Age effects on social cognition. Simple linear regression analyses were used to evaluate the predictive value of age on emotion recognition, mentalizing, and the social cognition total score. Analyses were performed in R software. The alpha threshold was set at P < 0.05. Effect size was evaluated with f2, following Cohen’s criteria (90): stating that 0.02 indicates a small effect, 0.15 indicates a medium effect, and 0.35 indicates a large effect.
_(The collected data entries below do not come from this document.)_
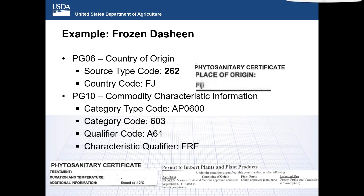For the PG-10 commodity characteristic information, a category type code of AP0600 will be used to identify the commodity as a fruit and vegetable. The category code further breaks this down with code 603, below ground parts, for the example of frozen dasheen. For fruits and vegetables, the only qualifier code option is A61 physical state, which is followed by the characteristic qualifier — in this case FRF for fresh frozen. The phytosanitary certificate shows that the commodity was stored at minus 12 degrees Celsius, which meets the criteria for fresh frozen, and the permit also points to the commodity as a frozen commodity.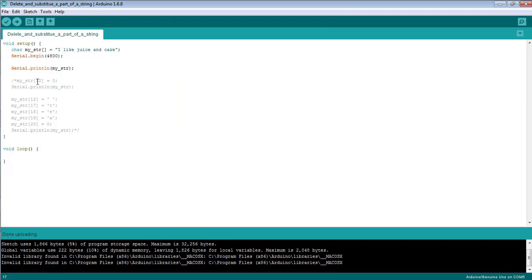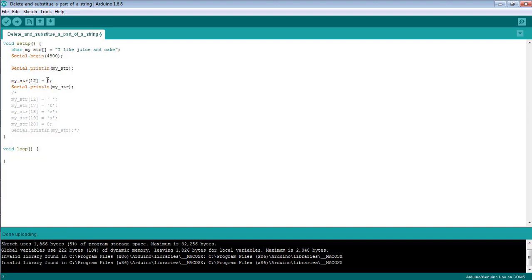I want to delete a specific part of the string. This command shows that after index 12, I am deleting part of the string. You can count: one, two, three, four, five, six, seven, eight, nine, ten, eleven, twelve — after index 12, the part 'and the cake' is what I want to delete. So I'm setting the string to null/zero after index number 12.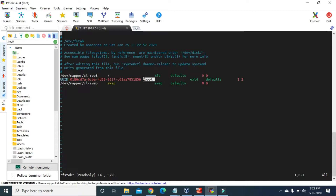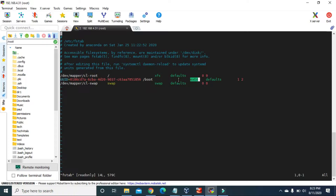As we learned in the previous video, slash boot is the mount point for the sda1 Linux partition. The third column is for the file system — our sda1 partition has the ext4 file system. We can also have xfs, swap, or other file systems. The fourth column is for the options. There are many options available when mounting Linux partitions, which I will explain shortly.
Social cognition performance across diagnostic groups. Linear mixed-effects models (47) were performed in R to examine between-group differences in emotion recognition, mentalizing, and the total score. Sex, age, and education were entered in the model as covariates of no-interest and participant’s country of origin was entered as a random effect. Post-hoc tests were corrected using the Sidak method. The alpha threshold was set at P < 0.05. Effect size was evaluated with ηp2 (91) where 0.01 indicates a small effect, 0.06 indicates a medium effect, and 0.14 indicates a large effect.
SVR model estimation and performance assessment. We trained and tested 1000 optimized SVR regressors for each outcome variable to obtain the final models using a bootstrap approach. We applied P value correction for false discovery rate using statsmodels (version 0.13.2) and set aside median-stratified 30% of the data as test set. To evaluate models’ performance, we used four statistics: the coefficient of determination R², 95% CI, Cohen’s f2 (90), Fisher F test, and the largest corrected P values. Outlier results (R² < IQR − 1.5 * SD and R² > IQR + 1.5 * SD) were discarded to improve average estimates.